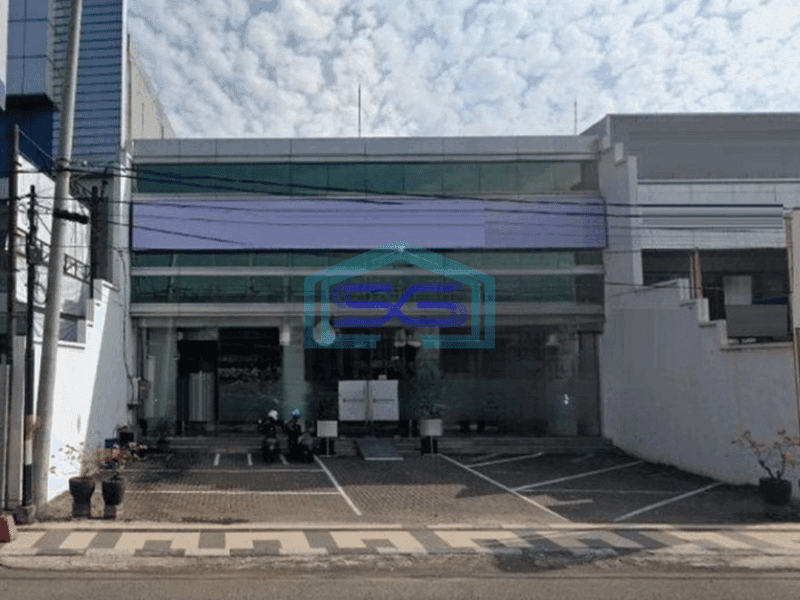 Dijual Ruang Usaha di Jendral Sudirman Semarang LT 712m2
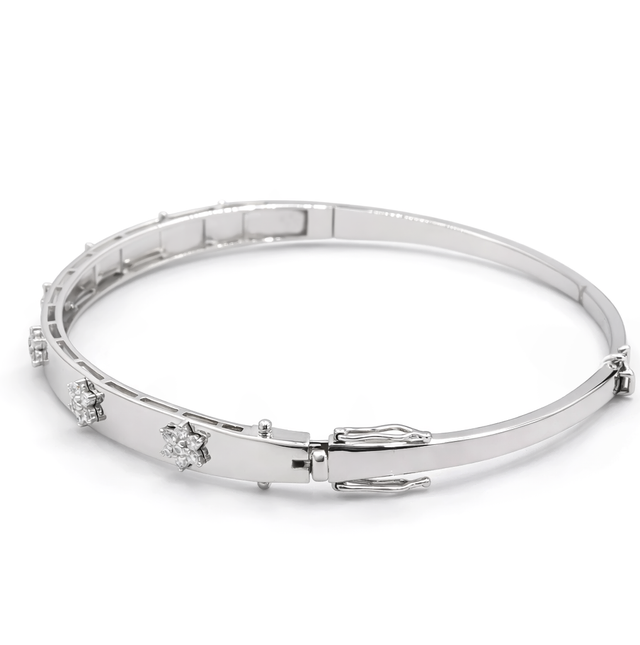 Diamond Bangles 18 KT    GW-12.74 G   NW-12.32 G   CVD-2.11 CTS  VVS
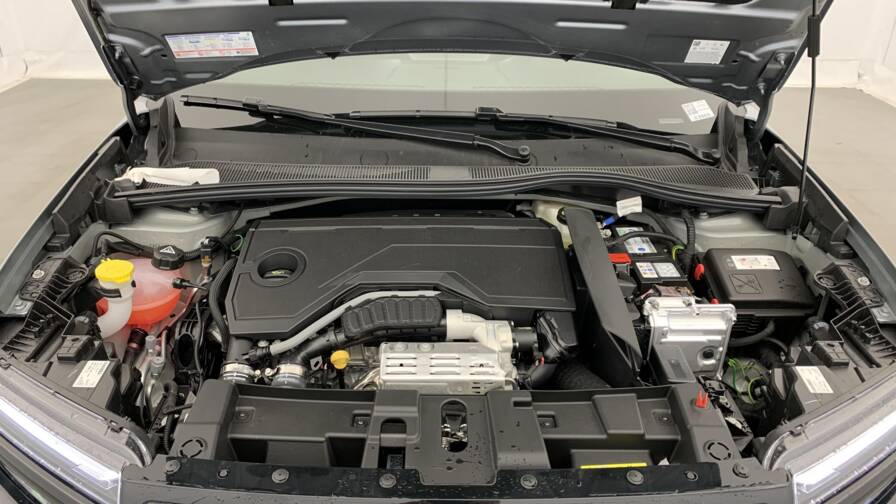 Mandataire Automobile neuf, recherche de Jeep Avenger-1-2-turbo-t3-110-ch-e-hybrid-bvr6-summit - E-Motors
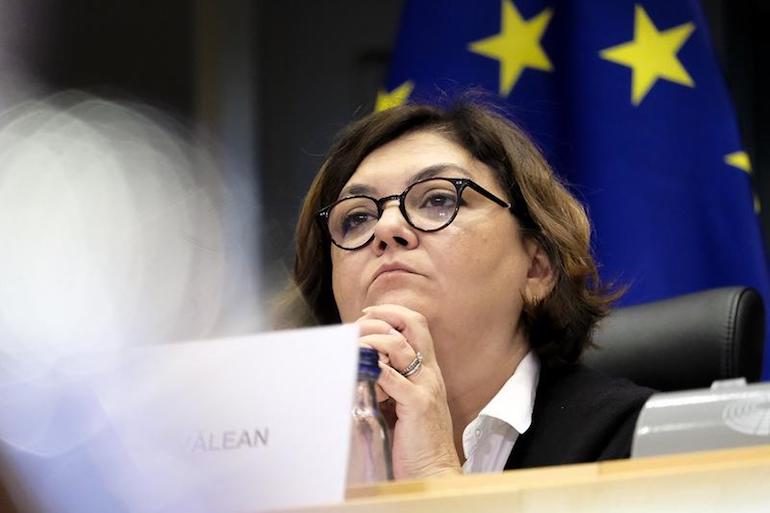 La Roumanie va enfin avoir une représentante à la Commission européenne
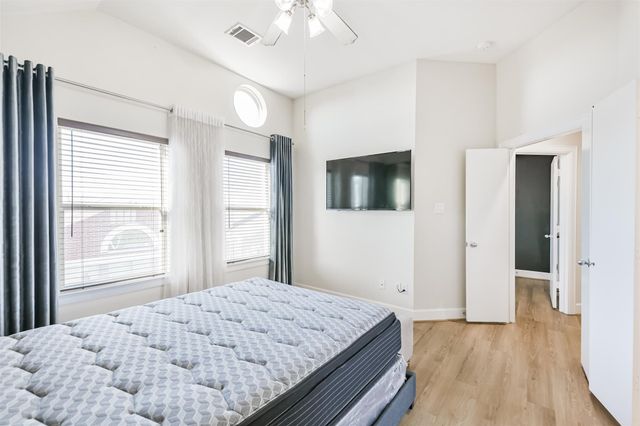 11307 Main Holly Drive, Houston, TX 77025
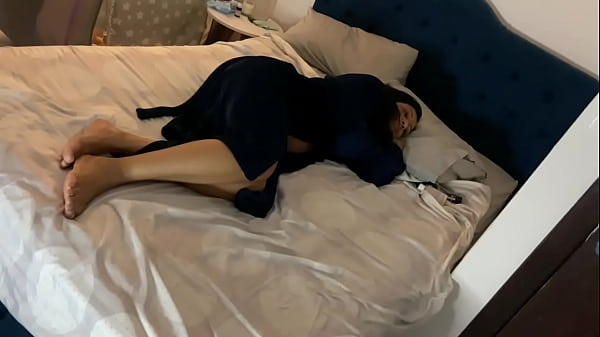 Footjob no panico Halloween, puta casada me masturbou gostoso com os p&eacute;s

---

[Exercise goal]: Print the records above word for word, omitting any picture they contain.

[Finished exercise]:
 Dijual Ruang Usaha di Jendral Sudirman Semarang LT 712m2
 Diamond Bangles 18 KT    GW-12.74 G   NW-12.32 G   CVD-2.11 CTS  VVS
 Mandataire Automobile neuf, recherche de Jeep Avenger-1-2-turbo-t3-110-ch-e-hybrid-bvr6-summit - E-Motors
 La Roumanie va enfin avoir une représentante à la Commission européenne
 11307 Main Holly Drive, Houston, TX 77025
 Footjob no panico Halloween, puta casada me masturbou gostoso com os p&eacute;s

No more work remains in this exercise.